That night, tired as he was, Alan stayed up until three o’clock wading through scripts. The next night it was the same. Daytimes he called his producer and director friends on the phone, catching up and asking anxiously, “Say, you haven’t got a script for me, have you?” When one promptly replied, “I sure have. I’ve got two. When can I see you?” Alan rushed to Sue. “What do you know?” he cried. “I’ve got me a job lined up—maybe two!”



A WEEK after the Ladds came home, Sue got a special kiss when she woke up. “What day is this?” her husband asked. “March 15,” Sue said. “Income Tax Day!”

“You can do better than that, honey.”

“Of course I can,” she grinned. “It’s the day twelve years ago that I became Mrs. Alan Ladd. All the bad things happen to you the same day,” she kidded.

“All the good things,” he corrected her, straight-faced. “Thank God for you—and for the income tax! Say, since you’re dressed—will you do me a favor? I left my cigarette lighter in the car last night.”

Sue stepped out to the garage. She didn’t get to Alan’s car on the contrived errand because another one blocked her way—a shiny black Cadillac. On the door handle was a huge, red bow and a dangling placard. “Susie—” it read, “Cuz I love you. It’s yours, so go ahead and kill me—‘The Daddy.’ P.S. I know we can’t afford it— but ain’t it a beaut?”



Sue Ladd lingered thoughtfully, stroking the smooth new hardtop and reading that note over and over again. Alan had to make people happy—especially people he loved—but he also had to apologize for doing it.

Anyone who has ever known Alan Ladd appreciates the paradox of his makeup. The restless, ambitious guy has sought and fought steadily for everything Hollywood could give him but he has just as consistently backed away from the big treatment and crazy capers.

When you’ve been as poor as Alan Ladd has been you don’t forget it easily. A kid who lost his father when he was a baby, rattled across the country in a creaking jalopy, Okie style, and knocked around depression-strapped California in transient camps under the stern discipline of a stepfather, does not develop a taste for high life. A boy who earned everything he got himself doesn’t treat his acquisitions lightly. A man who watched the mother he adored die before his eyes with himself still unproved and a failure, is not prone to look on his success thereafter as license for a lark. Alan Ladd literally had holes in the soles of his shoes when the tide turned for him. He couldn’t trip up a primrose path with the skin still rubbed raw.

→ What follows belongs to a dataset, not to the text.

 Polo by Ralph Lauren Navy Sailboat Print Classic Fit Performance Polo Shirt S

Early in his career, Paramount sent him and Sue to New York for personal appearances and put them up at the Waldorf-Astoria. One night he ordered two hamburgers sent up to the room. But when he saw the $5 tab he couldn’t eat his. It hadn’t been long since Alan himself had been frying hamburgers and selling them for a dime in a shack he called “Tiny’s.” In those early days at Paramount the star of the picture was known to grab scenery and lift it before a razzing yell from the grips, “Hey, Alan—let’s see your union card!” stopped him. It sometimes happens today, because Al still has that union card from the days when he was a grip, and lucky to be one.

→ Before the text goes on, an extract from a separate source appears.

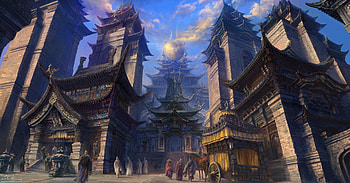 Temple, blue, fantasy, art, carter adair, world, luminos, people HD wallpaper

When workmen are-at Alan’s house he hustles them beers and Cokes. Sue tells of the time when he accidentally slept late one morning. Around nine o’clock she called out, “Alan, time to get up!” Back came a hurried whisper, “S-h-h-h-h—don’t let the carpenters hear you. They’ll think I’m a bum!”

When the Ladds moved into their Holmby Hills house they gave two housewarmings—one for their star neighbors, another for Alan’s real friends, the gang he had worked with for years. “This is the one I really enjoyed,” he told Sue at the post-mortem. They are the people you’re likely to see around his pool and his house today, the same ones who crowded around the train gate when he came home from Europe. They drop in constantly and Alan Ladd constantly shoves his collection of honors that Sue masses on a shelf, back into the corner. “Honey, please!” he begs. “They’ll think I’m bragging.”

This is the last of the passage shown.